Dr Ahsan H Mansur, executive director of the Policy Research Institute (PRI) of Bangladesh, sharply criticised Bangladesh’s financial sector authorities for lack of transparency and anomalies with regard to publishing data and doubted the percentage of non-performing loans (NPLs) shared by the banks.
“On paper, the NPLs are about 10%, but actually this should be around 25%,” he said, claiming that the banking sector suffers more data anomalies than any other sector in the country.
He blamed poor governance, lack of transparency and lack of supervision in the sector as the country faced currency crisis and uncontrollable inflation.
“The financial sector (in Bangladesh) has become the worst sector in the past 10 years. The country is now facing both the US dollar and taka crisis due to poor governance,” he said.

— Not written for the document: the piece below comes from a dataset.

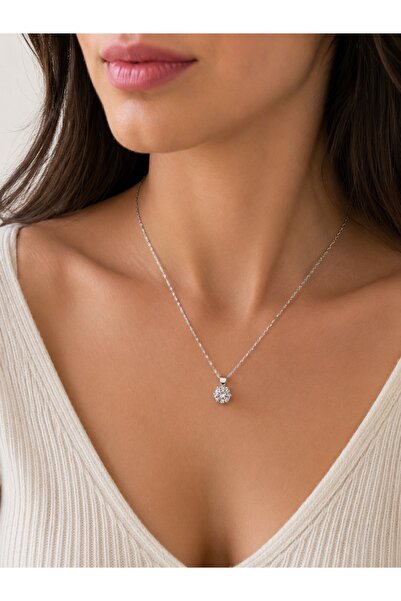 Frost Jewellry 925 ayar gümüş tektaş kolye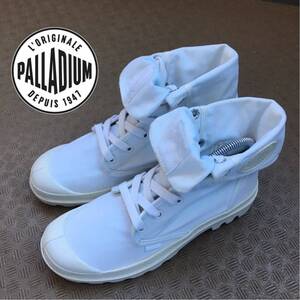 ★【 PALLADIUM 】★BAGGY ホワイト ハイカットスニーカー★サイズ 24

He made the remarks as the chief guest at a discussion titled “Reasons for the Deterioration in Bangladesh’s Banking Sector,” organised by the Economic Reporters Forum (ERF) in Dhaka on Saturday.

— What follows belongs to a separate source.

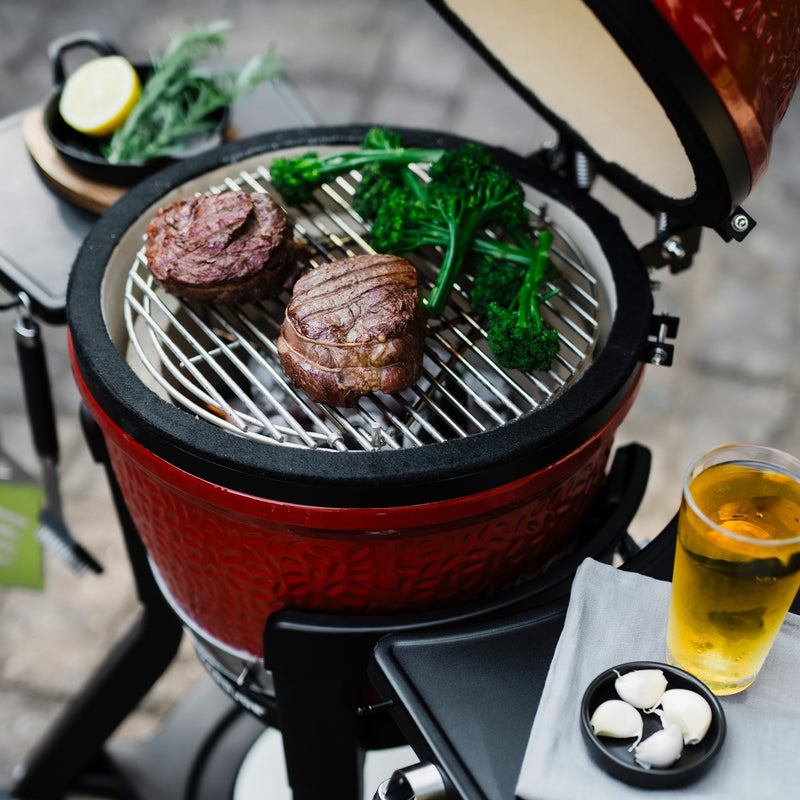 Load image into Gallery viewer, Kamado joe joe jr®-kar met zijtafels barbecuewagen (zwart)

ERF President Refayet Ullah Mirdha chaired the event moderated by ERF General Secretary Abul Kashem.
Dr Mansur pointed out that it’s not only export data that is being concealed, rather the financial sector hides more data than any other sector although presenting “accurate data is the most crucial here.”
The economist observed, “Currently, banks are showing profits by considering interest from loans as income without actually collecting the loans.”
“They (the banks) are also distributing dividends from these so-called profits. The government is getting taxes from this. In reality, the banks are not making any income; they are essentially consuming the depositors’ money. This situation is akin to ‘selling household utensils to eat gourmet food’,” he stated.
“How long can the bankers continue like this? Deposits will eventually be exhausted, and they won’t be able to return the customers’ money.”
Dr Mansur said, “Due to lack of supervision, our currency market is now out of control, and inflation is beyond our grasp.”
He emphasised that the government and Bangladesh Bank must take initiatives to “clean” the financial sector.
He said, “The problems in the banking sector are being kept unresolved. It’s like sweeping the dirt under the carpet, which doesn't eliminate the stench; it will resurface someday.”
The economist remarked that attempts are being made to hide irregularities in various ways, “but such concealment has spread the stench of irregularities throughout the economy.”
“Problems like bad loans, irregularities, corruption, and money laundering cannot be solved by hiding the issues,” he pointed out.
PRI executive director lamented that the banking sector has been eaten away by corruption, increasing irregularities and creating a crisis of confidence.
“The situation is now such that the banks can’t even protect themselves. How can they ensure the security of the depositors’ money?”
The economist expressed concerns about the growth of bank deposits as the government, in the FY 2025 budget, targets to borrow Tk1.37 lakh crore from the banking sector.
“Currently, the growth of bank deposits is between 8.5-9%. If it increases this year, it might reach a maximum of 10%. This means deposits will amount to around Tk1.70 lakh crore.”
“With the new fiscal year’s budget target of borrowing from banks, how will the banks provide the loans? If the government borrows Tk1.37 lakh crore, where will the private sector get its money?”
Dr Ahsan H Mansur said, “Before the elections, it was promised that there would be extensive reforms in the financial sector. But six months have passed, and nothing has been done. This is very disappointing. Reforms in the banking sector are urgently needed in the national interest.”
Daily Samakal special correspondent Obaidullah Rony and daily Prothom Alo senior reporter Sanaullah Sakib presented a keynote paper at the event.
The paper mentioned that while the government earned praise for constructing infrastructures like the Padma Bridge, this achievement is now overshadowed by high inflation, non-performing loans, and financial scandals.
As the regulatory authority of the financial sector, the responsibility falls on Bangladesh Bank, it said.
In the paper, the journalists expressed concerns that if immediate action was not taken on these issues, it could create major problems for the country’s banking sector.
The paper highlighted that due to the financial distress, Bangladesh is becoming increasingly dependent on loans, and its ability to obtain loans is gradually decreasing.
“Moreover, the government is not able to collect sufficient revenue to implement the budget. There is now a shortage of necessary funds and dollars for budget implementation” it added.
The paper also noted that the government is unable to pay bills in sectors like energy due to a lack of sufficient dollars.
“If the health of the banking sector is poor, it cannot bear any burden. The weakness in the banking sector is preventing it from lending to both the private sector and the government,” it observed.